I purposely kept revs low. The little 2.6-liter V-8 first caught on three cylinders, then four, then six and finally on seven, and that was as many as wanted to fire. The engine sounded awful and billowed out great clouds of exhaust smoke. After a minute or two, though, the smoke and noisiness subsided, and the Montreal seemed relatively okay, albeit still missing on one cylinder.

I’d mapped out a route along back roads and, because the Montreal was wearing expired license plates, I asked Jo to tuck in close behind me. So off we went, coughing and sputtering but actually moving along a lot better than I’d expected.

About a mile down the road, I started to smell oil smoke and noticed a mist eddying out from beneath the hood. I thought, “Uh oh, something’s burning,” and I hadn’t brought along a fire extinguisher.
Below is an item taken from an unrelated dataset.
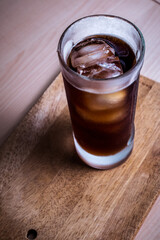 iced coffee on a wooden cutting board
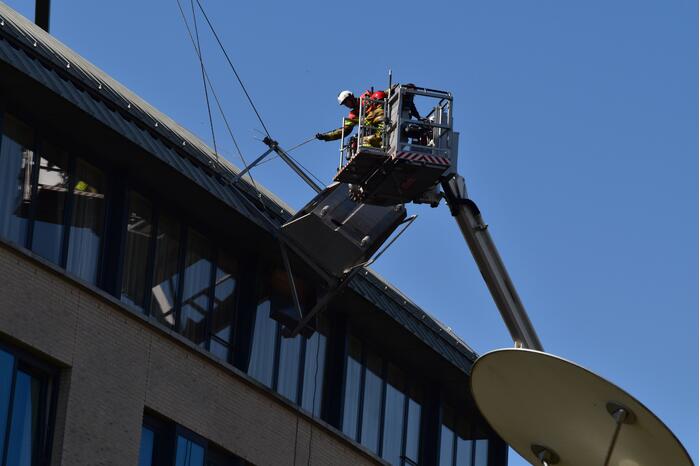 Glazenwasser vast in op hol geslagen lift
I pulled off to the side of the road, with Jo right behind me, jumped out and raised the hood. A great cloud billowed upward, but I could see through the smoke that motor oil was oozing from of the right-side cam cover and running down onto the hot exhaust header. So as long as the oil didn’t catch fire, we’d be all right. I crossed my fingers, and that’s how I drove home, smoking all the way but without flames, thank goodness. We made it into our driveway, and that’s where the fun of serious work was about to begin.

When I got the Montreal home and started to bring it back to some semblance of a civilized state, I found two major obstacles. One had to do with the Spica fuel-injection system, the other with the complicated distributor and its electronic ancillaries.

Getting it Done
Let me interrupt here and mention the two institutions that saved my sanity during this project. One was AlfaMontreal.info, and the second was Alfa Parts Exchange, fondly known as APE, and its congenial and knowledgeable owner, Larry Dickman Jr.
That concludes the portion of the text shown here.